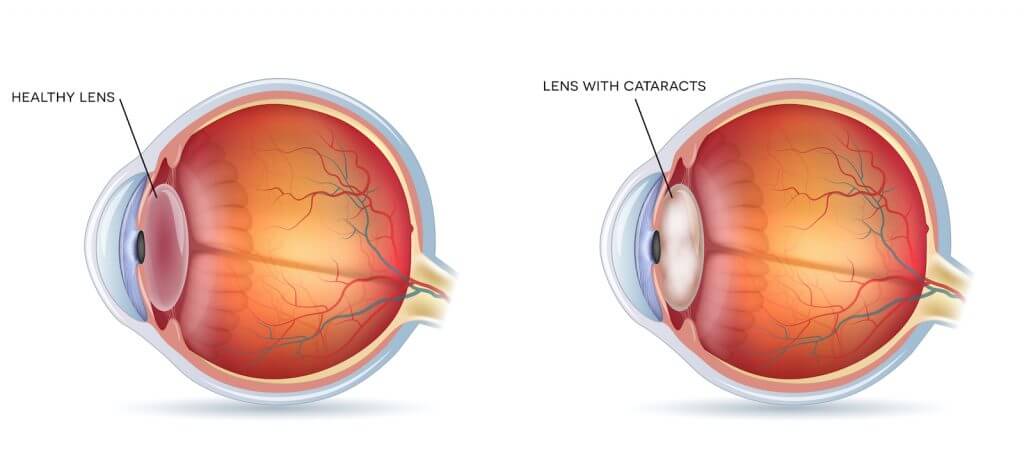 Diagram of cataracts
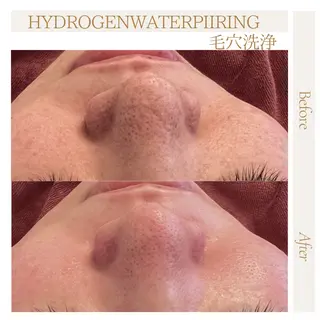 肌管理サロン neoriiのその他イメージ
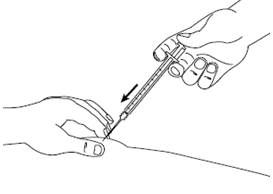 Mano che tiene una siringa preraempita con ago inserito nella pelle del braccio con freccia nera indicante la direzione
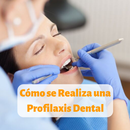 Cómo se Realiza una Profilaxis Dental APK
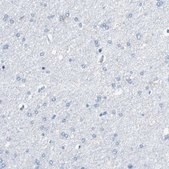Anti-VAMP8 antibody produced in rabbit Prestige Antibodies&#174; Powered by Atlas Antibodies, affinity isolated antibody, buffered aqueous glycerol solution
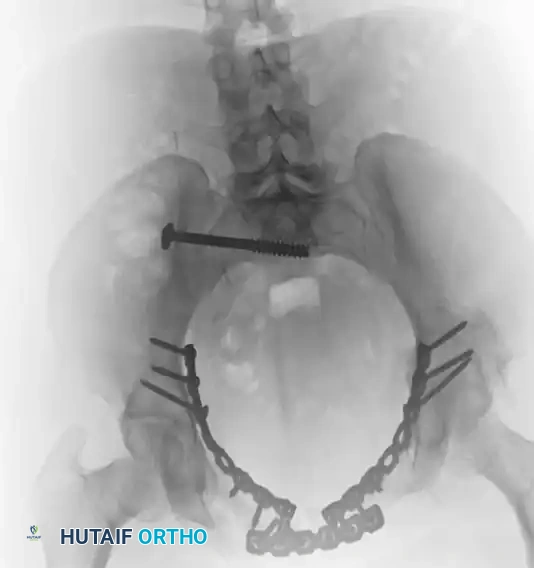 TREATMENT Surgical Diagram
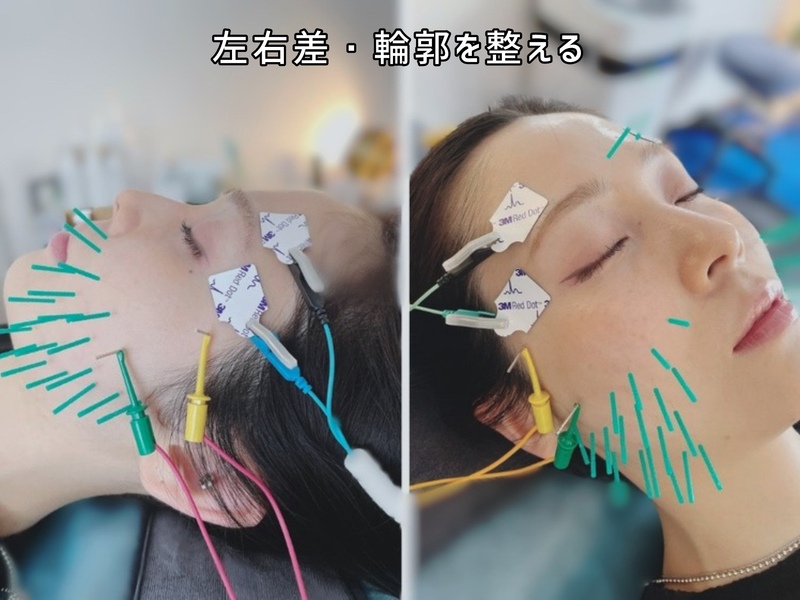 渋谷・表参道 美容鍼 小顔｜AOYAMA SALON YZ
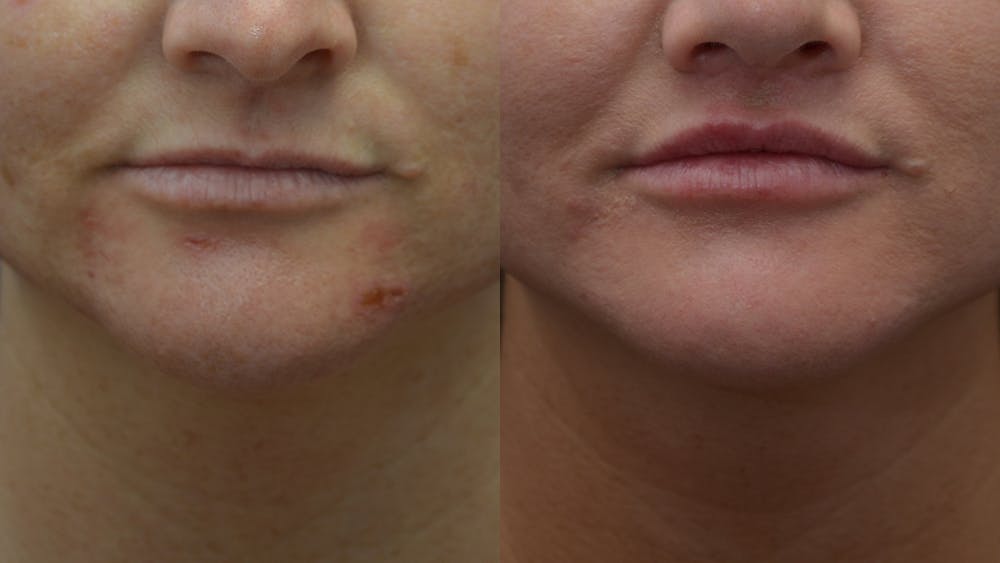 Lip Enhancement Before & After Gallery - Patient 14391507 - Image 1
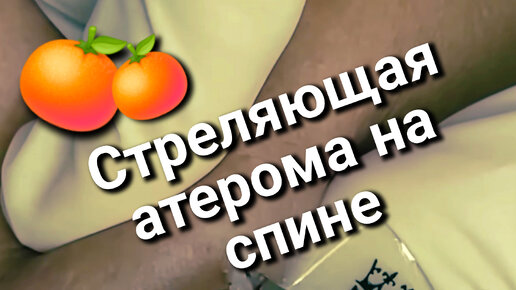 Стреляющая атерома на спине ЗАБРЫЗГАЛА косметолога 🍊 Плюс история из жизни!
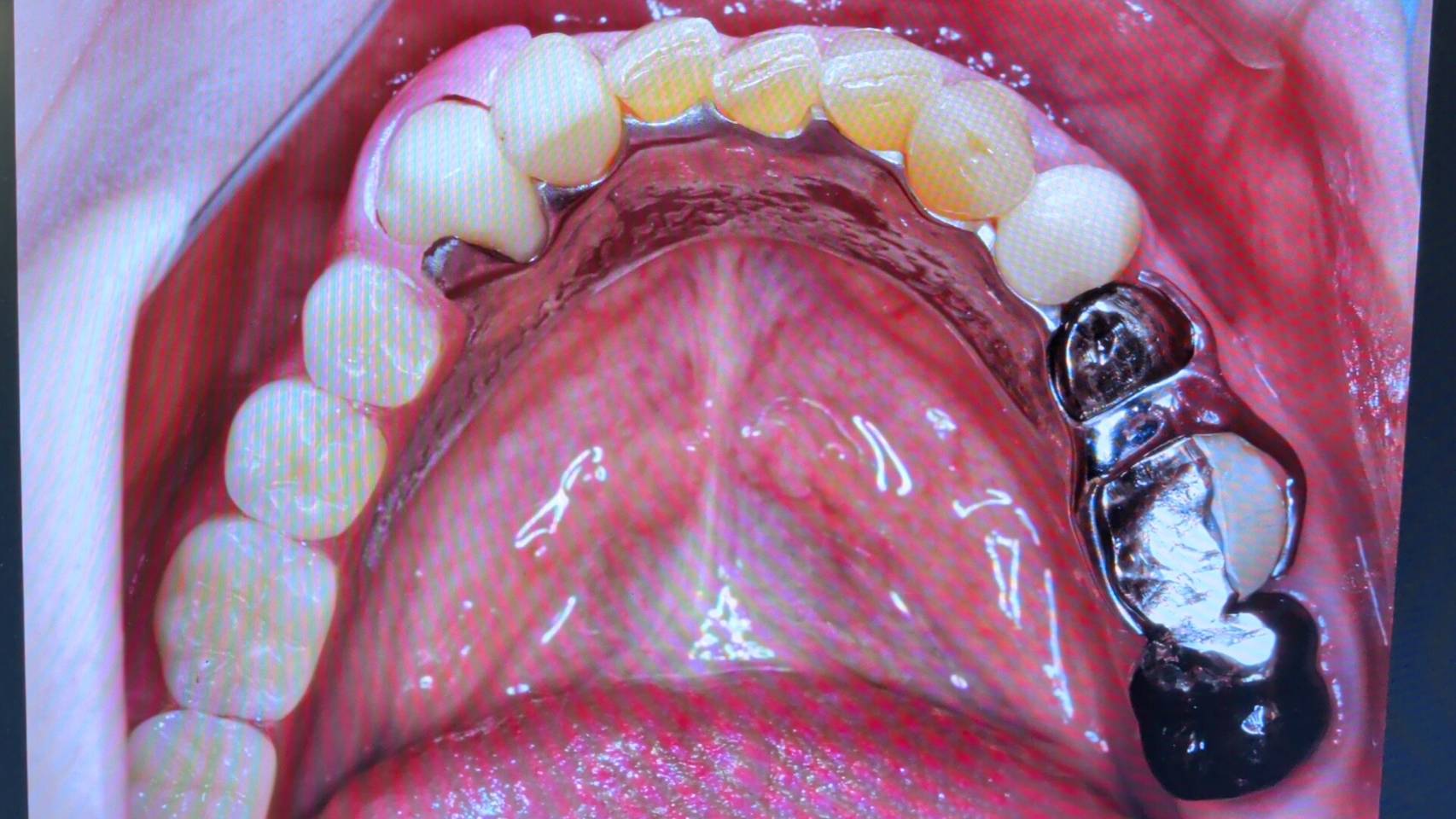 右下4567のAIバータイプ – 歯科技工所｜Kdental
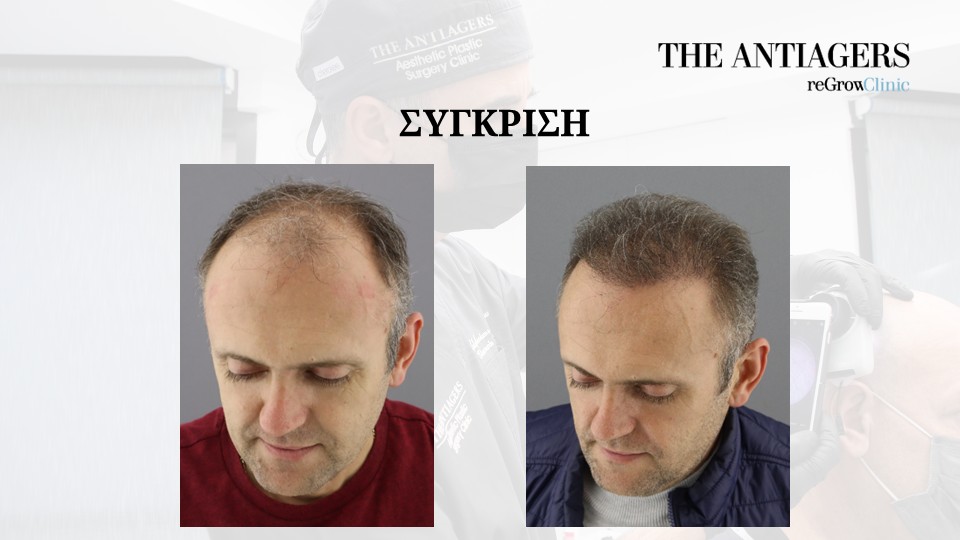 Slide8.JPG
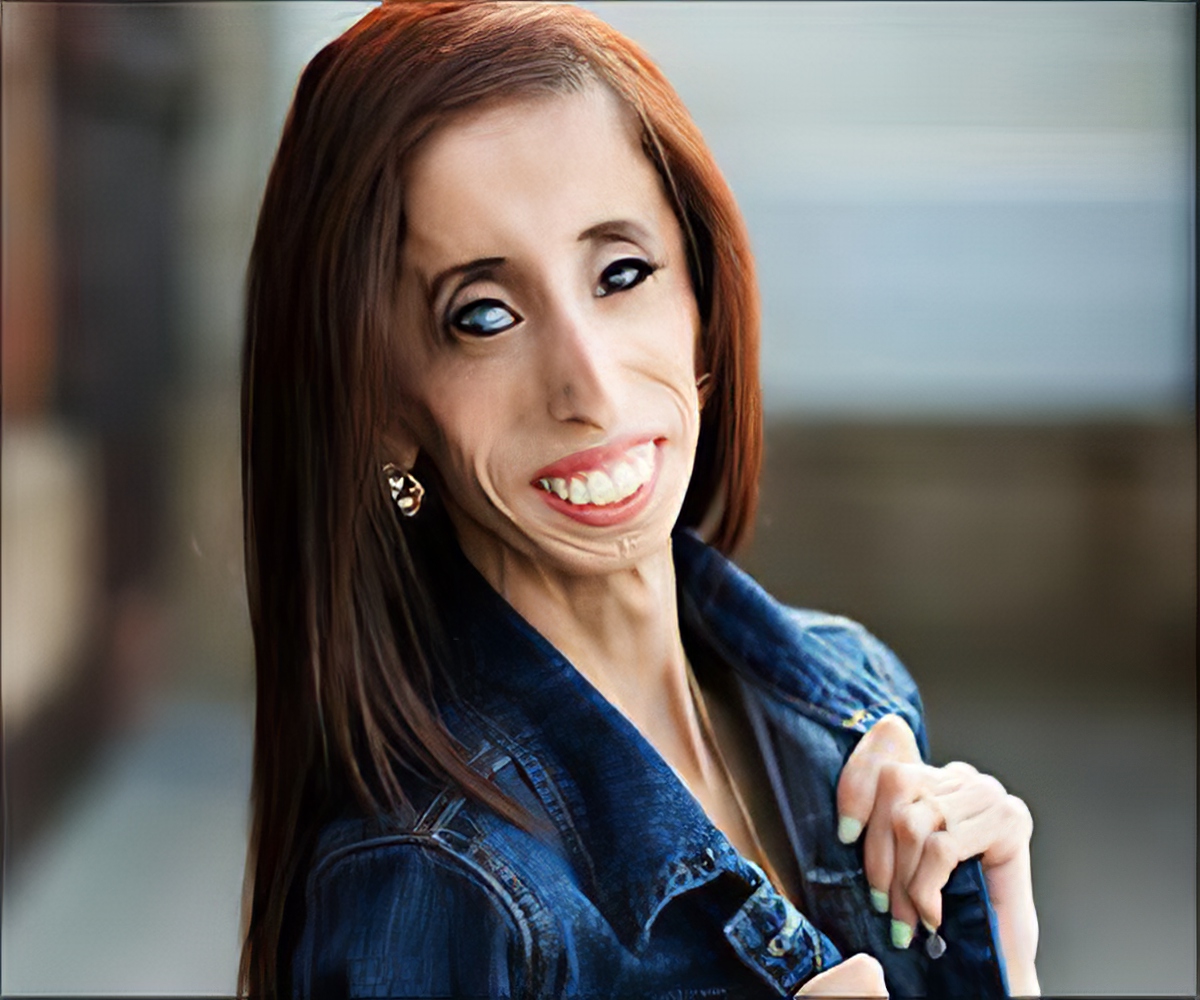 lizzie-velasquez.jpg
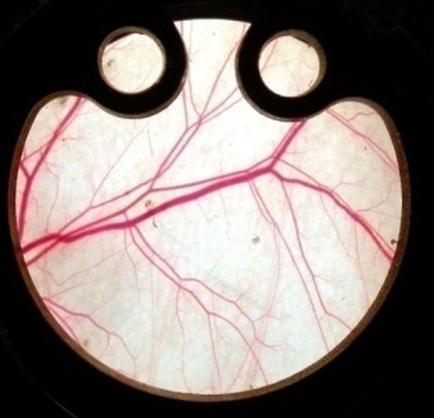 A close-up of a circular object with a black background. The object appears to be a microscope slide as there are two circular holes on either side of the image. In the center of the slide there is a white surface with a pink line running through it. The line is made up of thin thin lines that appear to be veins or arteries. The lines are arranged in a radial pattern creating a sense of depth and dimension. The image is taken from a top-down perspective looking down on the object.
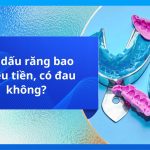 Lấy dấu răng bao nhiêu tiền, có đau không?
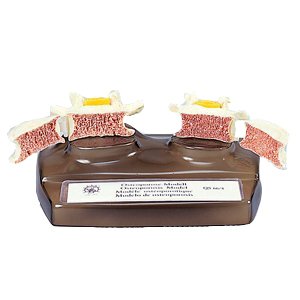 骨粗しょう症模型(SR-326)【smtb-s】 3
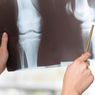 Pakar Unair: Waspada, Malas Gerak Berisiko Alami Osteoporosis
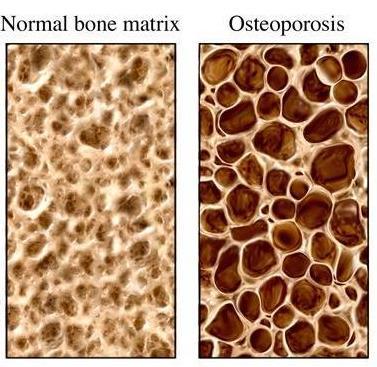 loss of bone mass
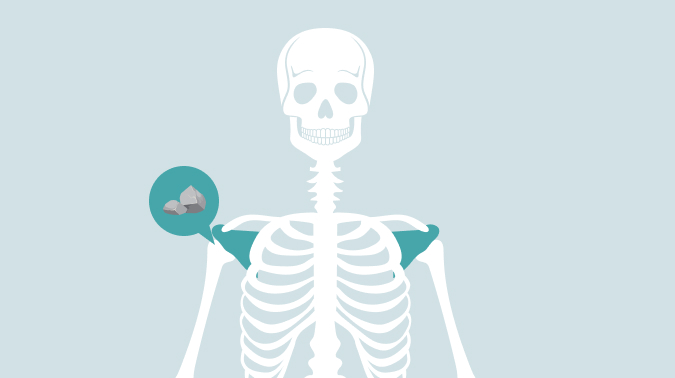 부산석회성건염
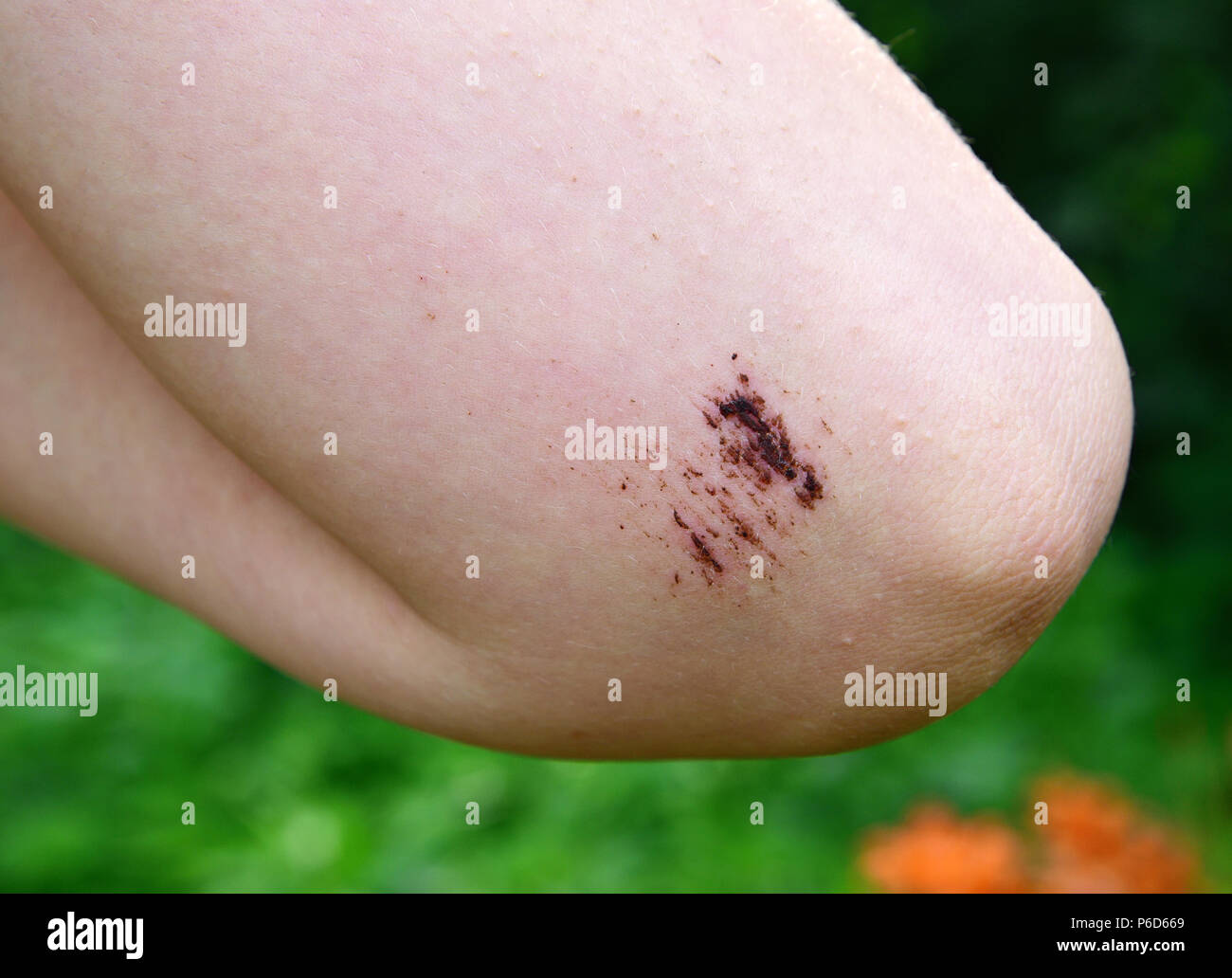 Las piernas de una adolescente con una fresca abrasión en el codo Foto de stock
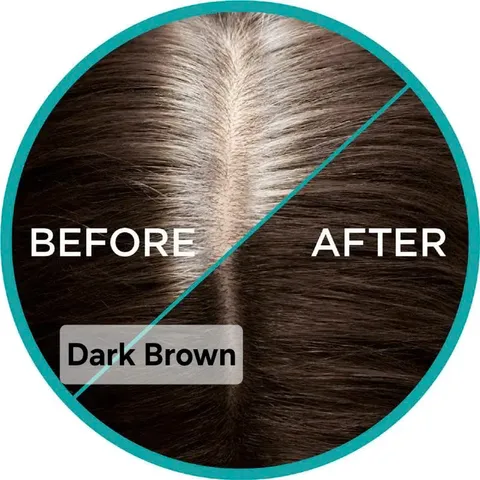 Xịt Phủ Chân Tóc L'Oréal Paris Magic Retouch Hỗ Trợ Che Tóc Bạc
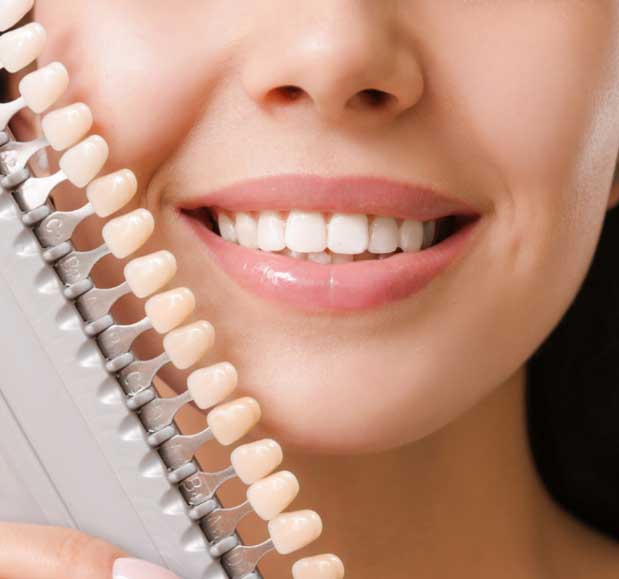 Veneers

○ ○ ○

Exercise prompt
Produce an exact reprint of the entries, dropping the images.

Result
 Diagram of cataracts
 肌管理サロン neoriiのその他イメージ
 Mano che tiene una siringa preraempita con ago inserito nella pelle del braccio con freccia nera indicante la direzione
 Cómo se Realiza una Profilaxis Dental APK
Anti-VAMP8 antibody produced in rabbit Prestige Antibodies&#174; Powered by Atlas Antibodies, affinity isolated antibody, buffered aqueous glycerol solution
 TREATMENT Surgical Diagram
 渋谷・表参道 美容鍼 小顔｜AOYAMA SALON YZ
 Lip Enhancement Before & After Gallery - Patient 14391507 - Image 1
 Стреляющая атерома на спине ЗАБРЫЗГАЛА косметолога 🍊 Плюс история из жизни!
 右下4567のAIバータイプ – 歯科技工所｜Kdental
 Slide8.JPG
 lizzie-velasquez.jpg
 A close-up of a circular object with a black background. The object appears to be a microscope slide as there are two circular holes on either side of the image. In the center of the slide there is a white surface with a pink line running through it. The line is made up of thin thin lines that appear to be veins or arteries. The lines are arranged in a radial pattern creating a sense of depth and dimension. The image is taken from a top-down perspective looking down on the object.
 Lấy dấu răng bao nhiêu tiền, có đau không?
 骨粗しょう症模型(SR-326)【smtb-s】 3
 Pakar Unair: Waspada, Malas Gerak Berisiko Alami Osteoporosis
 loss of bone mass
 부산석회성건염
 Las piernas de una adolescente con una fresca abrasión en el codo Foto de stock
 Xịt Phủ Chân Tóc L'Oréal Paris Magic Retouch Hỗ Trợ Che Tóc Bạc
 Veneers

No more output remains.